Biological fate and interaction with cytochromes P450 of the nanocarrier material, d-α-tocopheryl polyethylene glycol 1000 succinate.
10.1016/j.apsb.2022.01.014
- Author:
Tianming REN
1
;
Runzhi LI
1
;
Liqiang ZHAO
2
;
J Paul FAWCETT
1
;
Dong SUN
1
;
Jingkai GU
1
Author Information
1. Research Center for Drug Metabolism, School of Life Sciences, Jilin University, Changchun 130012, China.
2. Beijing Institute of Drug Metabolism, Beijing 102209, China.

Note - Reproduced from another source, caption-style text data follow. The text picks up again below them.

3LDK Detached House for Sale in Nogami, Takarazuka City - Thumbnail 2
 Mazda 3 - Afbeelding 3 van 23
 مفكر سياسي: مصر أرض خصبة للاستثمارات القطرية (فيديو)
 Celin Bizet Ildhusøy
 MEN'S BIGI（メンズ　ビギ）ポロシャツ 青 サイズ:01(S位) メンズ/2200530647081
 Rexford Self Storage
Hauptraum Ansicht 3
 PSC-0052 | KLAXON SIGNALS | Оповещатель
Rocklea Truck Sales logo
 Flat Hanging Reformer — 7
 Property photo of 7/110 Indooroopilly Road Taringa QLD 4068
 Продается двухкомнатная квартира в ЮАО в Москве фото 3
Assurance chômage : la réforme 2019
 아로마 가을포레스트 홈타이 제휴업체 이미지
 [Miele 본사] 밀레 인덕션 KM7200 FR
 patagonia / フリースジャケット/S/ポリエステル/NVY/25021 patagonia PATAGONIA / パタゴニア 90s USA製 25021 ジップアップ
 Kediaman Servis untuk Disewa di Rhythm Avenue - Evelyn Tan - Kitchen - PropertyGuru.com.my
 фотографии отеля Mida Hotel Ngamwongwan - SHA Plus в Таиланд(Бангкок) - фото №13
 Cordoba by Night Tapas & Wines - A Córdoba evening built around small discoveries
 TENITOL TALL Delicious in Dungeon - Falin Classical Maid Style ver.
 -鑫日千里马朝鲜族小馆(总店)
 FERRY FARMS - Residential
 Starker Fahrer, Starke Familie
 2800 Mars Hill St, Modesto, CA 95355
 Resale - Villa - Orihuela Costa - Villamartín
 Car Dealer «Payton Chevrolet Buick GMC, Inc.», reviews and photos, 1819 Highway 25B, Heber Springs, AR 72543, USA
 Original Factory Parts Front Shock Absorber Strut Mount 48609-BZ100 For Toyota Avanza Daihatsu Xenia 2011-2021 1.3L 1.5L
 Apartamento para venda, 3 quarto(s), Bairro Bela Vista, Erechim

- Publication Type:Journal Article
- Keywords:
Cytochrome P450;
Excretion;
LC‒MS/MS;
Metabolism;
Nanocarrier materials;
Pharmacokinetics;
TPGS;
Tissue distribution
- From:
Acta Pharmaceutica Sinica B
2022;12(7):3156-3166
- CountryChina
- Language:English
-
Abstract:
d-α-Tocopheryl polyethylene glycol 1000 succinate (TPGS, also known as vitamin E-TPGS) is a biodegradable amphiphilic polymer prepared by esterification of vitamin E with polyethylene glycol (PEG) 1000. It is approved by the US Food and Drug Administration (FDA) and has found wide application in nanocarrier drug delivery systems (NDDS). Fully characterizing the in vivo fate and pharmacokinetic behavior of TPGS is important to promote the further development of TPGS-based NDDS. However, to date, a bioassay for the simultaneous quantitation of TPGS and its metabolite, PEG1000, has not been reported. In the present study, we developed such an innovative bioassay and used it to investigate the pharmacokinetics, tissue distribution and excretion of TPGS and PEG1000 in rat after oral and intravenous dosing. In addition, we evaluated the interaction of TPGS with cytochromes P450 (CYP450s) in human liver microsomes. The results show that TPGS is poorly absorbed after oral administration with very low bioavailability and that, after intravenous administration, TPGS and PEG1000 are mainly distributed to the spleen, liver, lung and kidney before both being slowly eliminated in urine and feces as PEG1000. In vitro studies show the inhibition of human CYP450 enzymes by TPGS is limited to a weak inhibition of CYP3A4. Overall, our results provide a clear picture of the in vivo fate of TPGS which will be useful in evaluating the safety of TPGS-based NDDS in clinical use and in promoting their further development.